La Policía expulsó rápidamente a los agresores, pero las imágenes causaron consternación en el país. "¿Qué pasa en Suecia?", se preguntó ayer el diario Expressen, enumerando incidentes como los de albergues incendiados o la crispación entre las diferentes comunidades.
Todos los diarios, de izquierda a derecha, señalan como responsable al primer ministro socialdemócrata, Stefan Löfven, que cayó a un piso en los sondeos de popularidad, y le reprochan haber minimizado los efectos de la ola migratoria.
"Los que se atrevieron a poner en duda la relación entre el número de personas que llegaron y la capacidad de recibirlos bien y de integrarlos fueron acusados de pesimismo y de hacerle el juego a la extrema derecha", escribió el diario Svenska Dagbladet.

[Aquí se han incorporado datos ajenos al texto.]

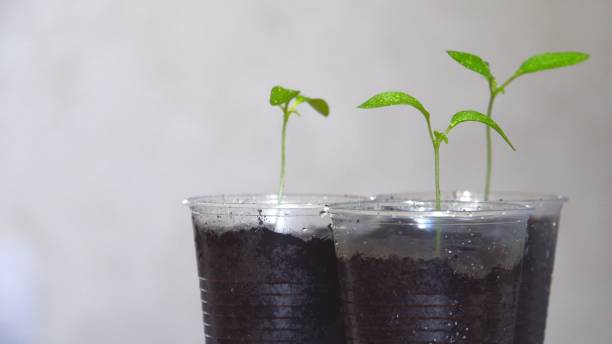 istock Green seedlings in plastic cups 2153927651
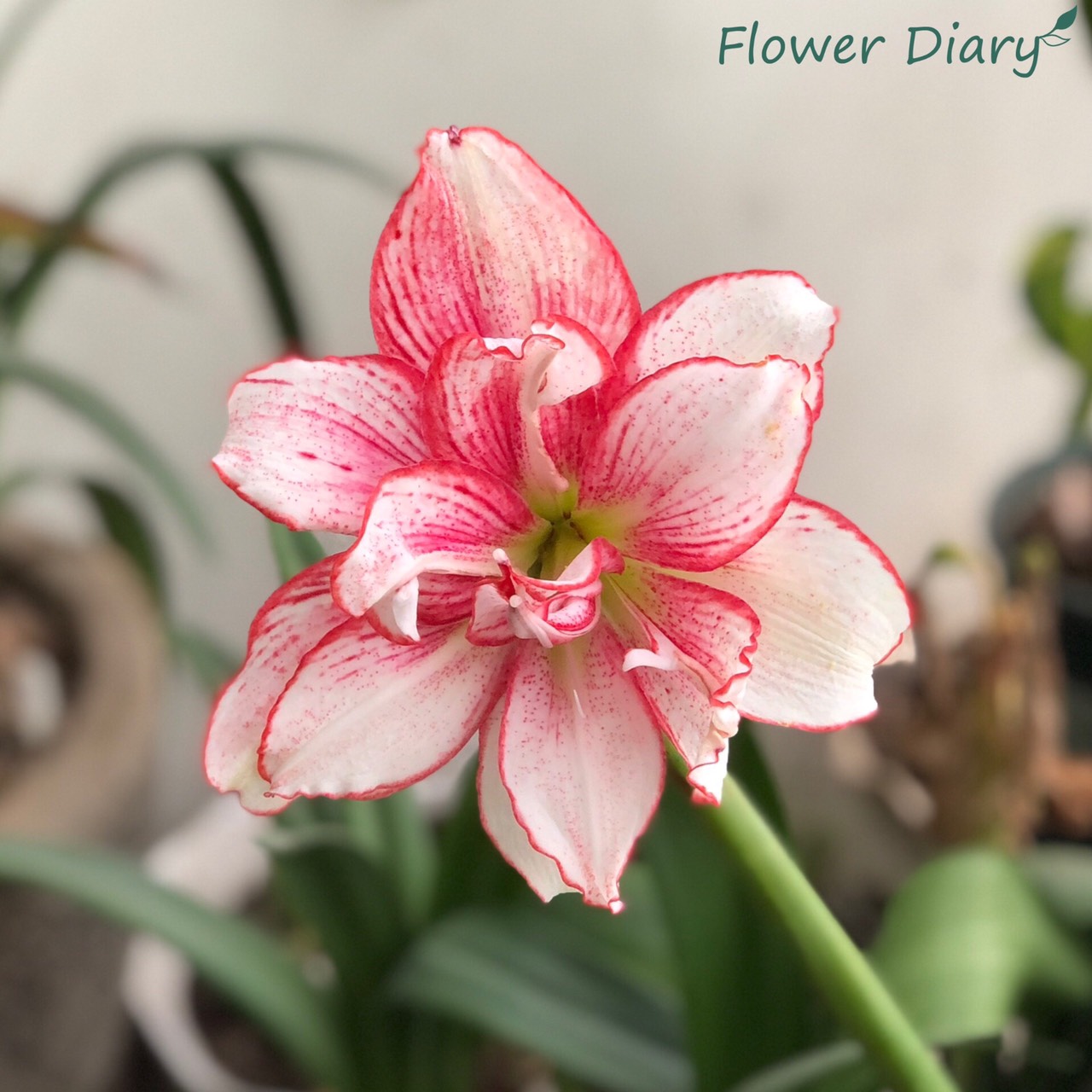 Củ hoa loa kèn | lan huệ cánh kép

En un editorial del 26 de enero, ese diario de centroderecha defendió la expulsión de los delincuentes extranjeros debido a la conmoción que provocó el asesinato de Alexandra Mezher, ocurrido el día anterior.La joven de 22 años fue apuñalada el lunes de la semana pasada por un adolescente de 15 años en un refugio para menores no acompañados en Mölndal, en las afueras de Gotemburgo. "Nunca habríamos pensado que esto sería posible en Suecia. Consideramos como responsable al Gobierno sueco y al primer ministro", dijo el tío de la víctima.
Entre 2014 y 2015, Suecia, un país en el que el 20% de la población es de origen extranjero, recibió a 250.000 migrantes, proporcionalmente más que ningún otro país de la UE.
Los servicios de seguridad suecos (STMpo) sospechan que varios grupos de ultraderecha reclutan a barras bravas de los clubes de fútbol.
La web Nordfront, vidriera del movimiento neonazi SMR, afirmó el viernes que "un centenar de hooligans" de los clubes AIK y Djurgården se disponían a "hacer limpieza entre los criminales inmigrantes de África del norte".
El sábado, en una concentración contra la migración en Estocolmo, varios manifestantes llevaban banderas de clubes de fútbol.